Instructions for Checkpointing with Tensor Parallelism - Amazon SageMaker

Instructions for Checkpointing with Tensor Parallelism

The SageMaker model parallelism library supports saving partial or full checkpoints with tensor parallelism. The following guide shows how to modify your script to save and load a checkpoint when you use tensor parallelism.

  1. Prepare a model object and wrap it with the library's wrapper function smp.DistributedModel().

    model = MyModel(...) model = smp.DistributedModel(model)
  2. Prepare an optimizer for the model. A set of model parameters is an iterable argument required by optimizer functions. To prepare a set of model parameters, you must process model.parameters() to assign unique IDs to individual model parameters.

    If there are parameters with duplicated IDs in the model parameter iterable, loading the checkpointed optimizer state fails. To create an iterable of model parameters with unique IDs for your optimizer, see the following:

    unique_params = [] unique_params_set = set() for p in model.parameters(): if p not in unique_params_set: unique_params.append(p) unique_params_set.add(p) del unique_params_set optimizer = MyOpt(unique_params, ...)
  3. Wrap the optimizer using the library's wrapper function smp.DistributedOptimizer().

    optimizer = smp.DistributedOptimizer(optimizer)
  4. Save the model and the optimizer state using smp.save().
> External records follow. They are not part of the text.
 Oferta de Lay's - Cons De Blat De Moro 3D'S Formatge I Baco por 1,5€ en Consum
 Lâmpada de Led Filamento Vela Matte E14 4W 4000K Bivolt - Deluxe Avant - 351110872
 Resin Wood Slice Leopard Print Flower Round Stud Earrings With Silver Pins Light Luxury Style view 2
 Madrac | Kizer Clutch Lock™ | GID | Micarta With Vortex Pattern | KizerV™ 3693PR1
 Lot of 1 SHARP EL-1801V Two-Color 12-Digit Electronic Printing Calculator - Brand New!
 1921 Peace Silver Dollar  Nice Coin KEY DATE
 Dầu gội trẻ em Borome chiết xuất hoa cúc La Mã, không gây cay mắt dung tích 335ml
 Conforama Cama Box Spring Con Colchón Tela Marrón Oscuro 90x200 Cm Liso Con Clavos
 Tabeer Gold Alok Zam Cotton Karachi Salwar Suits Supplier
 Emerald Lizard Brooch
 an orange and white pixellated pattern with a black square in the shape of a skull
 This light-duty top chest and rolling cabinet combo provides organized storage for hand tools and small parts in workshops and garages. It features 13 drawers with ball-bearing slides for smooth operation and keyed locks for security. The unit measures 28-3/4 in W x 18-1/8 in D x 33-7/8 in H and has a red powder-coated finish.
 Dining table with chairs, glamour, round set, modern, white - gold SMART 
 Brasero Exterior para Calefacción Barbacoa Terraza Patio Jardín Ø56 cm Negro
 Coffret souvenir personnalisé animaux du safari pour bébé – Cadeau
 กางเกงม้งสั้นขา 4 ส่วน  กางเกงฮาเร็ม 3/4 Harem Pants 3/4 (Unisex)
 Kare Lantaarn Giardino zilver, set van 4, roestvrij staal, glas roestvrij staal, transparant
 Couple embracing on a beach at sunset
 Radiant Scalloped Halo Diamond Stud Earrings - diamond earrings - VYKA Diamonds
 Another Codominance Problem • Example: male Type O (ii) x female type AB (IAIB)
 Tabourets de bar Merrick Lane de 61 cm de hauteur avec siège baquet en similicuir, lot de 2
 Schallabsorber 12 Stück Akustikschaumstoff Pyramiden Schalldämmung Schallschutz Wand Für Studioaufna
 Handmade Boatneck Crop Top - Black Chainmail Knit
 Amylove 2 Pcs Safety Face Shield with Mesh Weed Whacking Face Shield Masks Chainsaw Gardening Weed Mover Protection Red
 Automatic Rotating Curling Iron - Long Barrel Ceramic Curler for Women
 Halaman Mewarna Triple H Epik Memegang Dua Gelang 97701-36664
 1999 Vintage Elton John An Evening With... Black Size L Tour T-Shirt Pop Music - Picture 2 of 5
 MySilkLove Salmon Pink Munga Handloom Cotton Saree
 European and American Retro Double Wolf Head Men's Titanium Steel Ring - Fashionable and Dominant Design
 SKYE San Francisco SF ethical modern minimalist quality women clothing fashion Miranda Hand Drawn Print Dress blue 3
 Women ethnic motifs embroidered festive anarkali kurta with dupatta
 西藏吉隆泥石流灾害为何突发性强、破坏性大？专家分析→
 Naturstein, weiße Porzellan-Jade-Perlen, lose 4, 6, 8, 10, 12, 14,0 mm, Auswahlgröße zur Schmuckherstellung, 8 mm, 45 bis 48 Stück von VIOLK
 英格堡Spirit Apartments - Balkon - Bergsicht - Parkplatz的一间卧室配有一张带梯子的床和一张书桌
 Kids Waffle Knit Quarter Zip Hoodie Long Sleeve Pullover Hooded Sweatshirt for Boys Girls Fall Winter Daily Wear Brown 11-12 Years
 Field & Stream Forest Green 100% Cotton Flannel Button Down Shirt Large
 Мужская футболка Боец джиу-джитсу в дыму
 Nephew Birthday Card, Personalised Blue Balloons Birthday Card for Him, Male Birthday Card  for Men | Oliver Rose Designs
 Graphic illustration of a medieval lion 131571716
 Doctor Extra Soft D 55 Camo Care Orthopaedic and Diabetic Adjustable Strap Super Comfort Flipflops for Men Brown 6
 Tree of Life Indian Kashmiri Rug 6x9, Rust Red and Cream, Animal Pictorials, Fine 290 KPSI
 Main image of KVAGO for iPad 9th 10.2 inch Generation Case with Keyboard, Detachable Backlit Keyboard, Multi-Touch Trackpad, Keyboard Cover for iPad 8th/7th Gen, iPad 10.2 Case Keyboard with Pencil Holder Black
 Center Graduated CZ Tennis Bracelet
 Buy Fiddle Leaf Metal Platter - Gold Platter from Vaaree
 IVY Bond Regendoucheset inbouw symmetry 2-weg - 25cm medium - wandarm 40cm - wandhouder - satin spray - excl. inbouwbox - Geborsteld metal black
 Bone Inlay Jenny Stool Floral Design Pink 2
Depending on how you want to save checkpoints, choose one of the following two options:

    • Option 1: Save a partial model on each mp_rank for a single MP_GROUP.

      model_dict = model.local_state_dict() # save a partial model opt_dict = optimizer.local_state_dict() # save a partial optimizer state # Save the dictionaries at rdp_rank 0 as a checkpoint if smp.rdp_rank() == 0: smp.save( {"model_state_dict": model_dict, "optimizer_state_dict": opt_dict}, f"/checkpoint.pt", partial=True, )

      With tensor parallelism, the library saves checkpointed files named in the following format: checkpoint.pt_{pp_rank}_{tp_rank}.

      Note

      With tensor parallelism, make sure you set the if statement as if smp.rdp_rank() == 0 instead of if smp.dp_rank() == 0. When the optimizer state is sharded with tensor parallelism, all reduced-data parallel ranks must save their own partition of the optimizer state. Using a wrong if statement for checkpointing might result in a stalling training job. For more information about using if smp.dp_rank() == 0 without tensor parallelism, see General Instruction for Saving and Loading in the SageMaker Python SDK documentation.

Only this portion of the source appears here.